Два тяжелых целлофановых мешка, каждый – килограмма по два весом, мы завернули в свои куртки. В барак возвращались точно так же, как в кладовку шли, только с еще большим страхом, я по крайней мере: ведь один из пакетов был у меня под мышкой. А Сашка – он нёс второй пакет – без всякого страха, в открытую, дымя сигаретой.
В бараке было темно и тихо, все вроде спали. Стараясь не шуметь, мы взобрались наверх, засунули свою добычу поглубже в спальники. Я улегся, но какое-то время был бодрым и возбужденным. Вспоминались все подробности нашего ночного приключения. Потом я почувствовал, что «вырубаюсь», глаза начали слипаться. Еще бы – ведь до побудки оставалось всего ничего.
«Они, небось, тоже крали жратву… У плантаторов…» – это было последнее, что промелькнуло у меня в голове.
Глава 6. Министр с удачной фамилией
– Ах, чтоб он сдох, зараза! Да пошел он на… – Тут Сашка Носов неприлично выругался.
Мы захохотали. Неприличное слово было частью фамилии того самого человека, которого Сашка покрыл. Звали его Худабердыевым, и был он не кем-нибудь, а министром сельского хозяйства Узбекистана. Неприличные слова мы произносили достаточно часто и по любому поводу. Но в этот день у нас были особые причины ругать министра и издеваться над его фамилией.
* * *Уже наступил декабрь, на хлопке мы были второй месяц – в бараке на косяке двери ежедневно делались зарубки, и теперь их было тридцать три. С каждым днем погода становилась все хуже и случались такие дождливые дни, что нас даже не гоняли на хлопок. В бараке мы проводили время не так уж плохо, пели под гитару, играли в шахматы. Но зачем, спрашивается, торчать нам в бараке, чего мы ждем, когда на поле собирать нечего, да и дожди льют? Ведь идет учебный год, уже и до сессии не так далеко… Однако об отъезде не было и речи. Мало того: домой не отпускали даже заболевших. В середине ноября у одной первокурсницы случился сердечный приступ. Ее отвезли в какую-то местную больницу, подлечили немного и… снова привезли в барак. Долечится, мол, на хлопке. Таков был приказ «сверху». Возмущались даже преподаватели, особенно физрук. Кстати, вскоре и с ним самим произошла похожая история.
Мы только вернулись с поля и умывались перед ужином, как на нас налетел запыхавшийся Эрудит. Дышал он, как тот древний грек-марафонец.
– Скорее… на поле… Артемыча… переехало! – пропыхтел он.
Ни о чем не спрашивая, ринулись мы на дальнее поле, где сегодня работали. Но не пробежали и полдороги, как повстречался нам трактор с прицепом.

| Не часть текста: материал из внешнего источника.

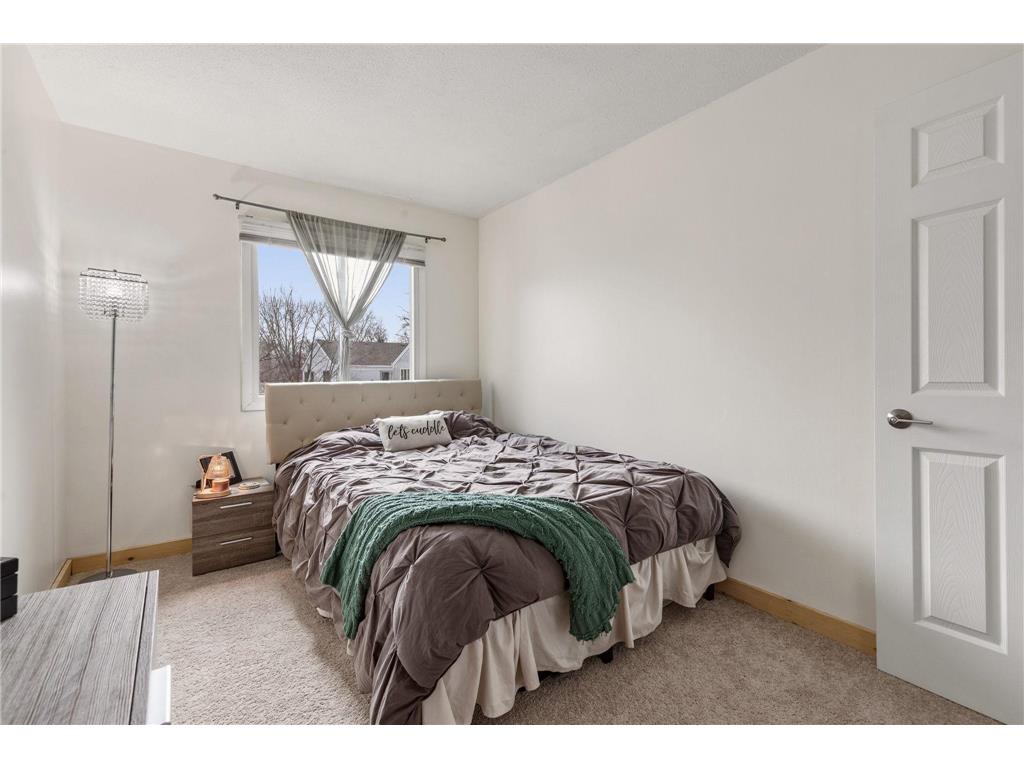 4874 Grenwich Trail N Oakdale MN 55128 7038087 image16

Лицо у тракториста было испуганное, растерянное. На прицепе лежал бледный, стонущий Артемыч, которого какой-то студент придерживал за плечи. Оказывается, этот самый тракторист, приехавший сменить херманы, двинул трактор назад и сбил Артемыча. Слава богу, что херманы, стоявшие в прицепе, были пока еще пусты, слава богу, что задние колеса прицепа не грудь переехали бедному мужику и не голову раскололи, а прошлись по бедру и ягодице. Эти части тела у спортсмена Артемыча были благодаря тренировкам достаточно хорошо развиты. Но больно ему было так, что на каждой кочке, когда прицеп потряхивало, бедный Николай протяжно охал. Когда на другой день (только на другой!) его доставили в сельскую больницу, рентген переломов не показал – и Артемыча вернули в барак. Долечиваться, – как ту первокурсницу. Не стану описывать, как он ругался.
Не стоит перечислять и более мелкие происшествия, всякие там насморки, простуды, ангины. Но в тот день, о котором я сейчас пишу, любой из нас мог бы заработать даже и воспаление легких…

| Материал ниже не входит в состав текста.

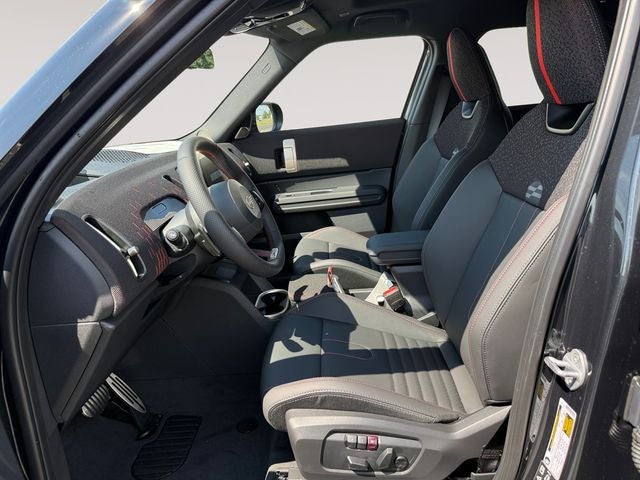 2027 MINI COUNTRYMAN ICONIC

* * *Еще накануне вечером мы узнали, что нас посетит министр: он совершает поездку по хлопковым полям республики, лично проверяя, как завершается уборка. «На бронетранспортёре приедет, в кирзовых сапогах», – сообщил нам физрук. В бараке поднялся хохот: «на бронетранспортёре… В кирзовых сапогах»… Еще бы: проселочные дороги асфальтом даже для министра не покроют. А дороги так развезло, что на обычной машине не проедешь, застрянешь. И нарядные ботиночки оставишь в грязи.
– Не мог, что ли, этот… (тут Лёнька с удовольствием произнес по слогам фамилию министра, особенно выделив первый слог) явиться к нам на месяц пораньше?
– А к чему бы это? – ехидно осведомился Эрудит. – Под дождичком самое время вдохновлять массы на подвиги! И учти: чем дождь сильнее, тем усерднее этот (тут Эрудит тоже со вкусом повторил замечательную фамилию) будет нас вдохновлять… А что на полях пусто, с бронетранспортера не видно!
Мы стояли, сбившись в кучку, на краю поля. День был хмурый, холодный. Дождь то стихал, то безжалостно сек наши лица тяжелыми, какими-то даже колючими каплями. Поверх шапок мы натянули на головы куски целлофановых мешков, но брюки превратились в холодные компрессы, даже ватники намокли. Северный ветер, налетая порывами, пронизывал до костей. Наверно, если бы мы работали, нагибались к веткам хлопчатника, было бы теплее, но собирать-то было уже почти нечего. С голых веток почерневших кустов лишь кое-где свисали мокрые сосульки – все, что осталось от белых ватных комочков, придававших унылым полям хоть какую-то живописность. Уже несколько дней нас выводили почти за километр от барака на участки, где хоть что-то оставалось, собирать эти жалкие клочки хлопка. Мы подбирали и клочки, лежащие на земле, втоптанные в грязь – это называлось «чисткой грядок». Трудолюбивые узбеки и те ворчали: «тут даже на еду не заработаешь»… Что правда, то правда. У нас вычитали с грошовой, сдельной получки за те помои, которые именовались едой. Сейчас и вычитать не с чего было.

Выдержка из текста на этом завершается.